A generic markdown collection MCP server with FTS5 full-text search, semantic vector search, frontmatter-aware indexing, and incremental reindexing.

Point it at a directory of Markdown files (an Obsidian vault, a docs folder, a Zettelkasten) and it exposes search, read, write, and edit tools over the Model Context Protocol.

Features

  • Full-text search — SQLite FTS5 with BM25 scoring, porter stemming
  • Semantic search — cosine similarity over embedding vectors (Ollama, OpenAI, or Sentence Transformers)
  • Hybrid search — Reciprocal Rank Fusion combining FTS5 and vector results
  • Frontmatter-aware — indexes YAML frontmatter fields, supports required field enforcement
  • Incremental reindexing — hash-based change detection, only re-processes modified files
  • Write operations — create, edit, delete, rename documents with automatic index updates
  • Git integration — optional auto-commit and push on every write via GIT_ASKPASS
  • MCP tools — 13 tools including search, read, write, edit, delete, rename, and admin operations

Installation

From PyPI

pip install markdown-vault-mcp

With optional dependencies:

pip install markdown-vault-mcp[mcp]           # FastMCP server
pip install markdown-vault-mcp[embeddings-api] # Ollama/OpenAI embeddings via HTTP
pip install markdown-vault-mcp[all]            # MCP + API embeddings (lightweight)
pip install markdown-vault-mcp[all-local]      # + sentence-transformers (large, GPU)

From source

git clone https://github.com/pvliesdonk/markdown-vault-mcp.git
cd markdown-vault-mcp
pip install -e ".[all,dev]"

Docker

The Docker image uses the [all] extra (MCP + API embeddings) and does not include sentence-transformers or PyTorch, keeping it lightweight. Use Ollama or OpenAI for embeddings.
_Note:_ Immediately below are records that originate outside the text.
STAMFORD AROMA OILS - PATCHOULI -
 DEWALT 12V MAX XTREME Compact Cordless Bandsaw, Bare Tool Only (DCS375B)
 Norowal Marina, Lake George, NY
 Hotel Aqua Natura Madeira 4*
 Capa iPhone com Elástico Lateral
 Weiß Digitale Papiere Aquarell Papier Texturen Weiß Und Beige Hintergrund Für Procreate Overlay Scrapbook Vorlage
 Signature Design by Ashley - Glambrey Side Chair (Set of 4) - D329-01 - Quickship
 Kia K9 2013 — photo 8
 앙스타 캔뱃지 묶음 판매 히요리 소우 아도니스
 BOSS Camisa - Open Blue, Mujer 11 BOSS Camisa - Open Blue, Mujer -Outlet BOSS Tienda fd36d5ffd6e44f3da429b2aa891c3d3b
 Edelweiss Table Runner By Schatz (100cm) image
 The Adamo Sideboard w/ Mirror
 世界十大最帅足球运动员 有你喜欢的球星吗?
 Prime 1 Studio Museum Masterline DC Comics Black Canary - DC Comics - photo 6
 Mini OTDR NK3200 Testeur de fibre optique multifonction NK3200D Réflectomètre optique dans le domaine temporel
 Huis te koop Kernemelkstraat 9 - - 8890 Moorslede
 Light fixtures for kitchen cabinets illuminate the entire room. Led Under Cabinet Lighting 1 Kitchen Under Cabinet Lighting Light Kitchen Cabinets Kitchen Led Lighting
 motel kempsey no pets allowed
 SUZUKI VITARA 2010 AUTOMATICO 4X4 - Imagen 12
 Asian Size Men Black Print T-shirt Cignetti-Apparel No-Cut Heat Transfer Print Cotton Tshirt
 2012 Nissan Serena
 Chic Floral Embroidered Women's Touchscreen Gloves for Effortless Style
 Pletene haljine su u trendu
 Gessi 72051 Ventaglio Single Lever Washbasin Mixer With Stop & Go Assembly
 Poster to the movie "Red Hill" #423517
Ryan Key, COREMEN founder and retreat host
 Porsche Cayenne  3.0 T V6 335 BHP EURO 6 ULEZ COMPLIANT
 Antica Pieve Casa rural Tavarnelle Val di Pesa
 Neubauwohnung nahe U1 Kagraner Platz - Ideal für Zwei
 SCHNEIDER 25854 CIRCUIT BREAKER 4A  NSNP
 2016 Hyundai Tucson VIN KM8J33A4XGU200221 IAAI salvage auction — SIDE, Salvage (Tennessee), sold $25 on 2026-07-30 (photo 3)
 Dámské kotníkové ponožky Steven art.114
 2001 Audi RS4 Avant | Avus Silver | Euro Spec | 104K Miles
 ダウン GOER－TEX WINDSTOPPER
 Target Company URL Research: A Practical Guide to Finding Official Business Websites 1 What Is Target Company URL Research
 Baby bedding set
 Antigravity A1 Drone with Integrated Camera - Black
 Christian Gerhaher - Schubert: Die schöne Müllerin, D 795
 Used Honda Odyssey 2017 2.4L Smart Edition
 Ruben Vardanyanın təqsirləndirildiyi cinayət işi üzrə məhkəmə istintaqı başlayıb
docker pull ghcr.io/pvliesdonk/markdown-vault-mcp:latest

Quick Start

As a library

from pathlib import Path
from markdown_vault_mcp import Collection

collection = Collection(source_dir=Path("/path/to/vault"))
results = collection.search("query text", limit=10)

As an MCP server

Set the required environment variable and start the server:

export MARKDOWN_VAULT_MCP_SOURCE_DIR=/path/to/vault
markdown-vault-mcp serve

With Docker Compose

  1. Copy an example env file:

    cp examples/obsidian-readonly.env .env
    
  2. Edit .env to set MARKDOWN_VAULT_MCP_SOURCE_DIR to the absolute path of your vault on the host.

  3. Start the service:

    docker compose up -d
    
  4. Check the logs:

    docker compose logs -f markdown-vault-mcp
    

Example env files

File Description
examples/obsidian-readonly.env Obsidian vault, read-only, Ollama embeddings
examples/obsidian-readwrite.env Obsidian vault, read-write with git auto-commit
examples/ifcraftcorpus.env Strict frontmatter enforcement, read-only corpus

For reverse proxy (Traefik) and authentication (mcp-auth-proxy) setup, see docs/deployment.md.

Configuration

All configuration is via environment variables with the MARKDOWN_VAULT_MCP_ prefix.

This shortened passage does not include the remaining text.